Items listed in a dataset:
───
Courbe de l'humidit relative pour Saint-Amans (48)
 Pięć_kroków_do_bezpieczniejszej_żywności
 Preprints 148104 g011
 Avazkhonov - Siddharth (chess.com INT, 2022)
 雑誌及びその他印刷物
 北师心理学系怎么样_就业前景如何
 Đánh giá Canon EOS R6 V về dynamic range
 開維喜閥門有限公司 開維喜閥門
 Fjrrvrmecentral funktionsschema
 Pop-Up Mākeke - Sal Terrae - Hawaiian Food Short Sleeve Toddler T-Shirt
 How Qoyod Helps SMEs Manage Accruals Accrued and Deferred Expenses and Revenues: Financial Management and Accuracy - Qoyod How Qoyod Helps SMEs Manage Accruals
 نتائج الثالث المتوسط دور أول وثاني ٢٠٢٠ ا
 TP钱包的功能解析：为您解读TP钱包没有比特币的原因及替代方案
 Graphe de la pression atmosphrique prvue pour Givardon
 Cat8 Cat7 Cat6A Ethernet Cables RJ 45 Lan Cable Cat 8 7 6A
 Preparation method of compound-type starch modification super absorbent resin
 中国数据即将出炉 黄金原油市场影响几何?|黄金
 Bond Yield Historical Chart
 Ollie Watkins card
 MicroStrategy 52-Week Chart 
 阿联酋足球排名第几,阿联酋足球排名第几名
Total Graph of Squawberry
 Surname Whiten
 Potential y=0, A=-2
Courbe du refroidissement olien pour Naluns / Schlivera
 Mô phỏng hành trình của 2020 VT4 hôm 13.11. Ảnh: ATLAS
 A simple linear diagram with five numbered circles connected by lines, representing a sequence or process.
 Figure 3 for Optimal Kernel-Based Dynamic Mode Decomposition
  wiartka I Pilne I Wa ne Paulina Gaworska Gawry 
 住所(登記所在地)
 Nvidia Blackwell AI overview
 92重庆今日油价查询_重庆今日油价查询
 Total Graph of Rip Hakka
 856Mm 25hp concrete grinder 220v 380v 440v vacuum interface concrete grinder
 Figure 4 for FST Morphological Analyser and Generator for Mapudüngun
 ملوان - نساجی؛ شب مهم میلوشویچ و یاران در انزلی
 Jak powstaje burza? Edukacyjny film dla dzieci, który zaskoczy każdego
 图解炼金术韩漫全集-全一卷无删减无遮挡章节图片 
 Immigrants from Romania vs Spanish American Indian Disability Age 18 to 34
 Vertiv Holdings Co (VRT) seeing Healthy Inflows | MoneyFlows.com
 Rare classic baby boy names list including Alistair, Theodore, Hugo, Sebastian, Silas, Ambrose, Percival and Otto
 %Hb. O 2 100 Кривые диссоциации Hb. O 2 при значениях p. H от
───
PROBLEM —
Copy exactly, please, the span of lines that begins at the line with "ملوان - نساجی؛" and ends at the last line of the data, both included.

SOLUTION TO THE EXERCISE —
 ملوان - نساجی؛ شب مهم میلوشویچ و یاران در انزلی
 Jak powstaje burza? Edukacyjny film dla dzieci, który zaskoczy każdego
 图解炼金术韩漫全集-全一卷无删减无遮挡章节图片 
 Immigrants from Romania vs Spanish American Indian Disability Age 18 to 34
 Vertiv Holdings Co (VRT) seeing Healthy Inflows | MoneyFlows.com
 Rare classic baby boy names list including Alistair, Theodore, Hugo, Sebastian, Silas, Ambrose, Percival and Otto
 %Hb. O 2 100 Кривые диссоциации Hb. O 2 при значениях p. H от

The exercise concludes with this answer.